Like the Americans, he laid his information network in the Mayan empire to stay abreast of the Mayan fortes and foibles (Condoleeza Rice so glibly and gleefully said that Osama was hit because of the information network that Bush administration had laid in Pakistan). The Mayans were so gullible that they treated the ambassador’s precious gifts and grants as a free meal. They miserably failed to read his mind. Do we also understand that the American aid is no free meal? Why the Americans are not so generous to their own next-door Mexico? (Because Mexico is not the only Muslim country with nuclear weapons).
What was in the ambassador’s mind? The ambassador had planned to attack the Mayan empire from staging point of a nearby port. The Maya were unaware of the large flotilla of canoes, being built by their neighbour. Their enemies had better strategy and technology (like our enemies have).
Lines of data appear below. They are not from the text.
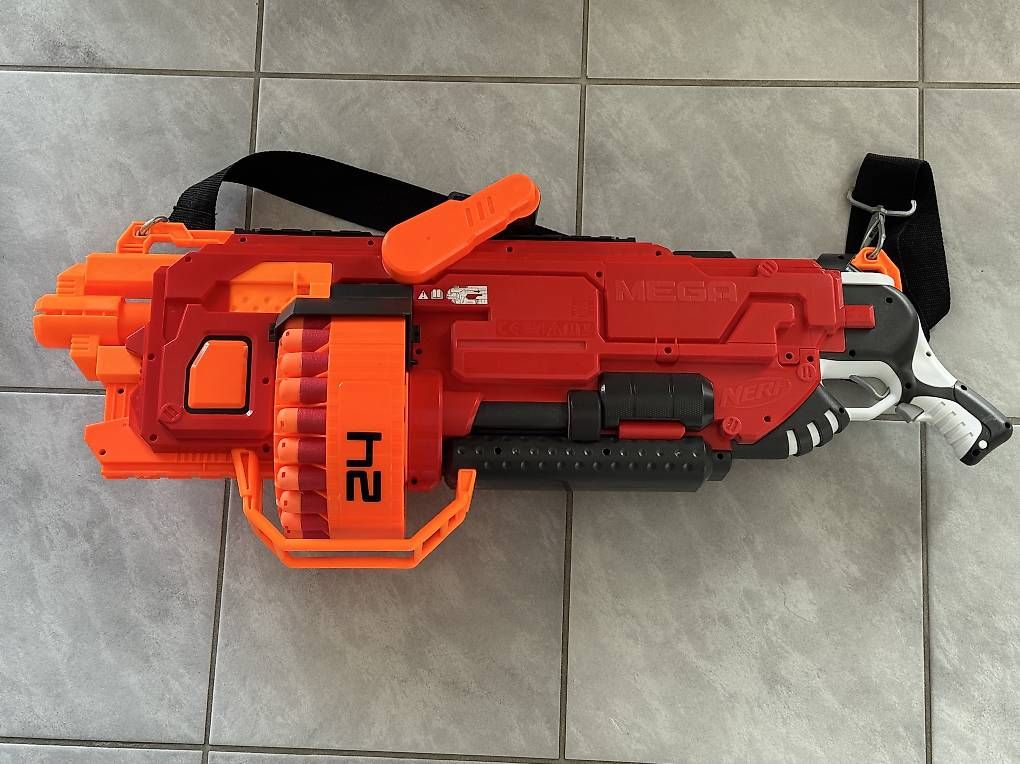 Giocattoli: Grosse NERF Sammlung - Mega Mastodon + Weste + viele Darts – Usato da Berg TG venduto da Riovida 1
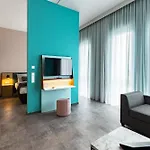 - The Niu, Pax Airport By Ihg Берлин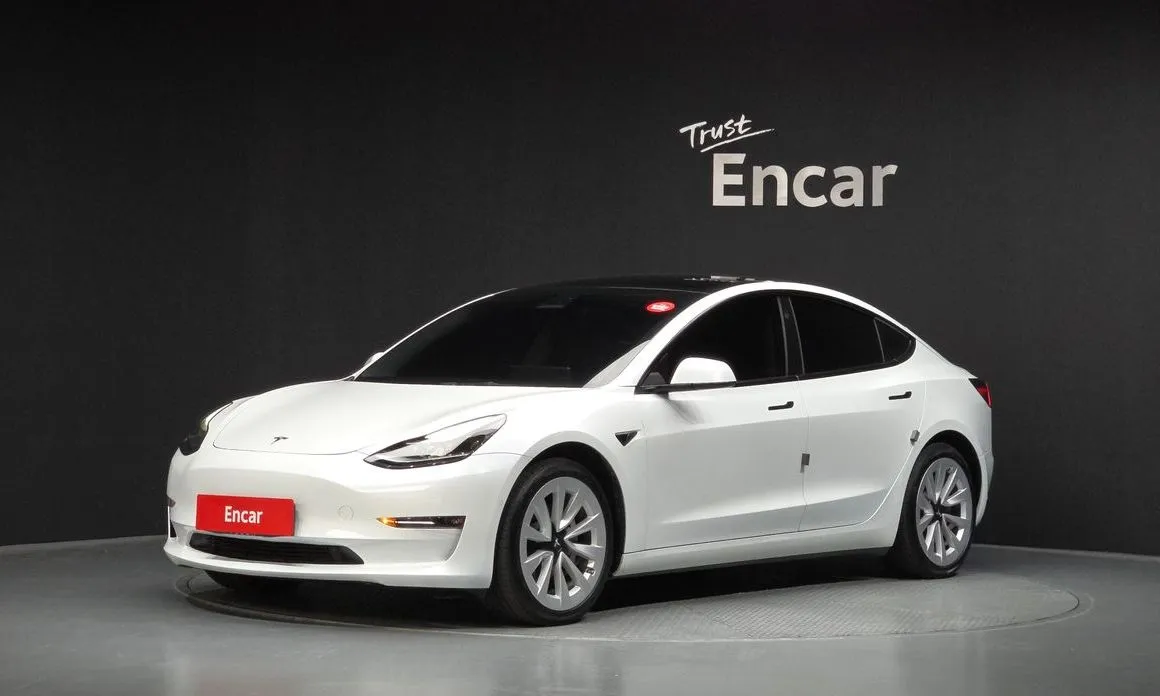 Tesla Model 3 — фото 1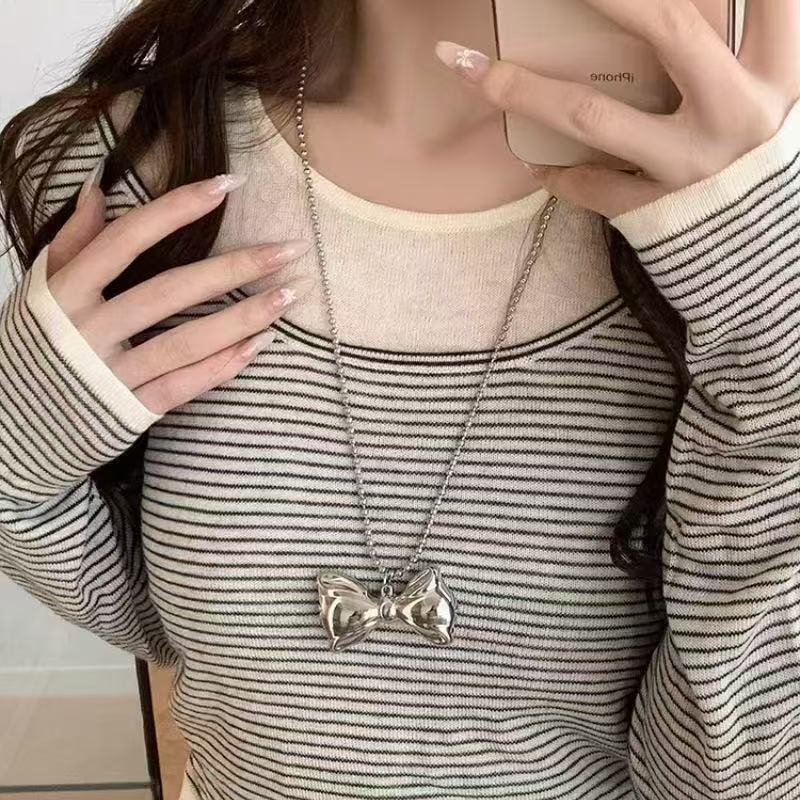 Women's Simple Sier Bow Metal Sweet High-grade Personality Sweater Pendants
The Maya lacked foresight to assess their economic and military challenges. They lacked what Ibn-e-Khaldun calls asabiya (national cohesion) to meet external challenges. Khaldun says without asabiya, beleaguered nations fail to fight challenges. The Maya failed to notice that their limited economic resources were too meager to meet basic needs of their population (around one lac). They were a rain-dependent civilization. Unexpectedly, drought and epidemics (smallpox) wreaked havoc with their burgeoning population. They did not have the engineering skill or common sense to build dams on rivers or catchment areas (we have skills but no common sense).
Extravagance, nepotism, injustice, and financial and polygamous corruption exacerbated their economic woes. They could not have a macro view of their polity and economy. We have a government, a planning commission and several ministries.
Aside from political wrangling, do our institutions make an effort to deliver the goods? In a YouTube speech, Hitler says that his country is encircled all around. It can neither sell nor buy goods for its people. Yet, he assured, that with one weapon in his custody, he would overcome all problems. The weapon was planning.
The prevalence of injustice and other evils weakened the Mayan politico-economic system. Palace became hub of royal intrigues. The immoral character of their rulers shattered common man’s belief about divinity and invincibility of the king. National cohesiveness evaporated and the society became fragmented.
Frequent wars, including a fratricidal one, and over-taxation could not balance their profligate budget. Had they been victorious in battlefields, they could have made up for their budgetary deficits through the tributes paid by vanquished enemies. But, the prolonged wars led to a stalemate. The resulting cold-war dried up finances.
Let’s hope that we have a better sense of history. Pray that history does not repeat in our case. Let’s not fear death, but extinction. Each day around 1, 50, 000 people die.